● WORK REQUIRED: Each line from the one with "PRADA 26S ESPADRILLE" through the last line below must be written out exactly. Do not copy pictures.

● DATA:
BEGIN

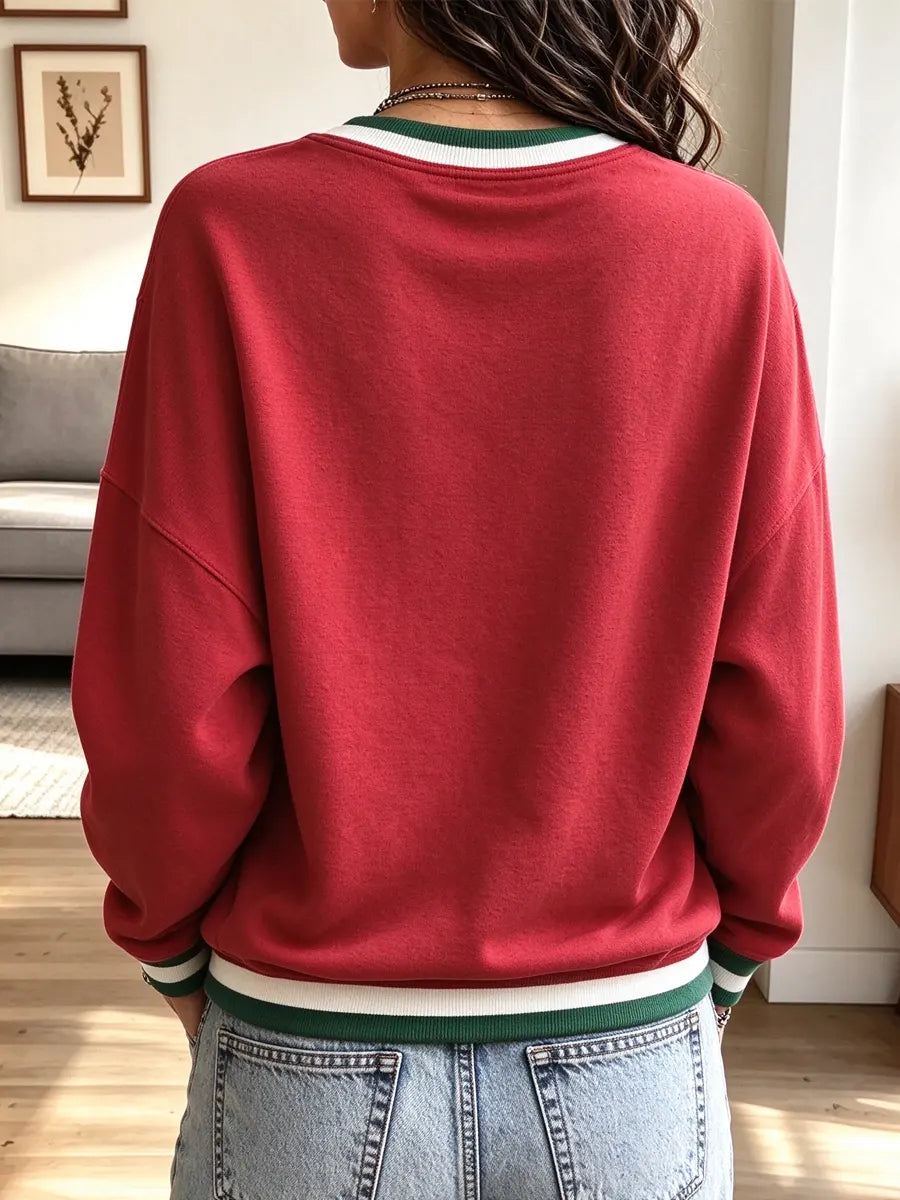 Vintage Christmas Tree Pattern Art Casual Stylish Long Sleeve Sweatshirt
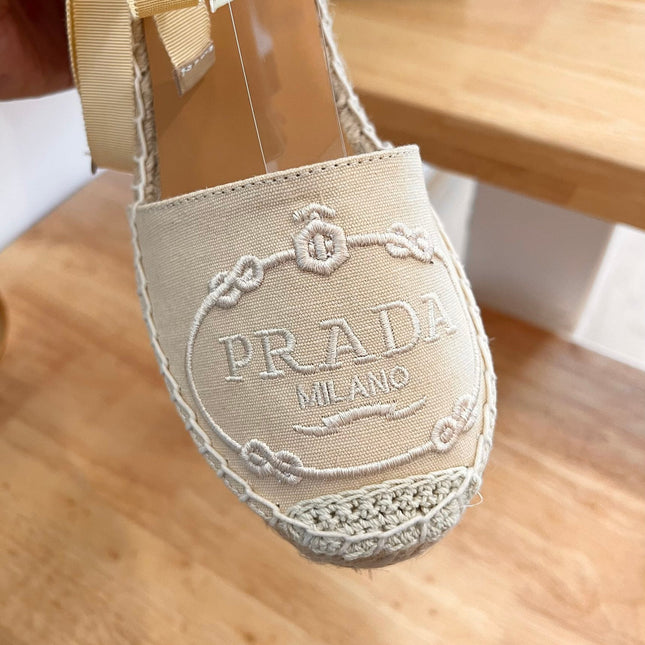 PRADA 26S ESPADRILLE HIGH HEEL SANDALS IN BEIGE CANVAS WITH LOGO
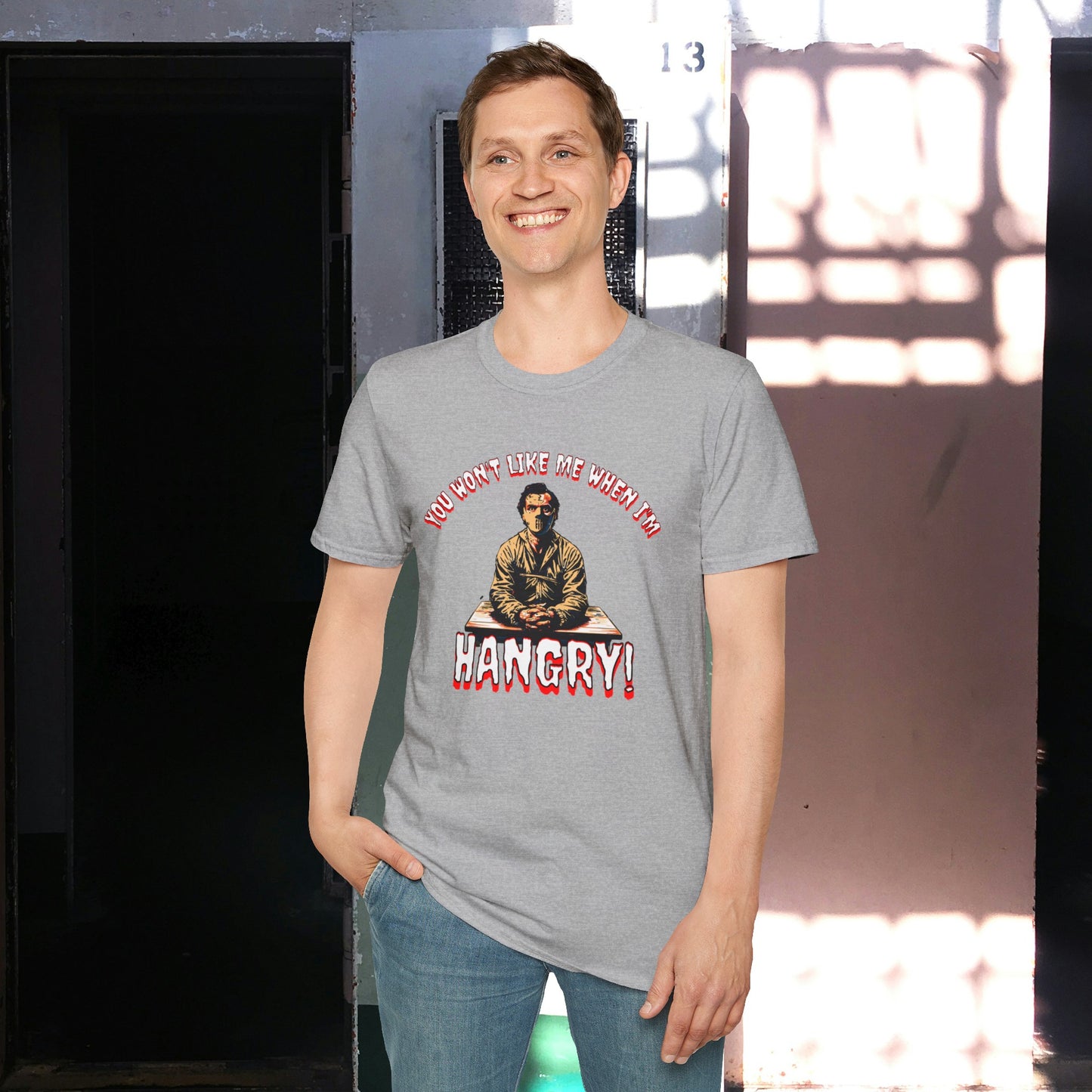 You Won't Like When I'm Hangry Unisex Softstyle T-Shirt Cannibal Mental Patient Horror Fun Food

END

● RESPONSE TO THE EXERCISE:
 PRADA 26S ESPADRILLE HIGH HEEL SANDALS IN BEIGE CANVAS WITH LOGO
 You Won't Like When I'm Hangry Unisex Softstyle T-Shirt Cannibal Mental Patient Horror Fun Food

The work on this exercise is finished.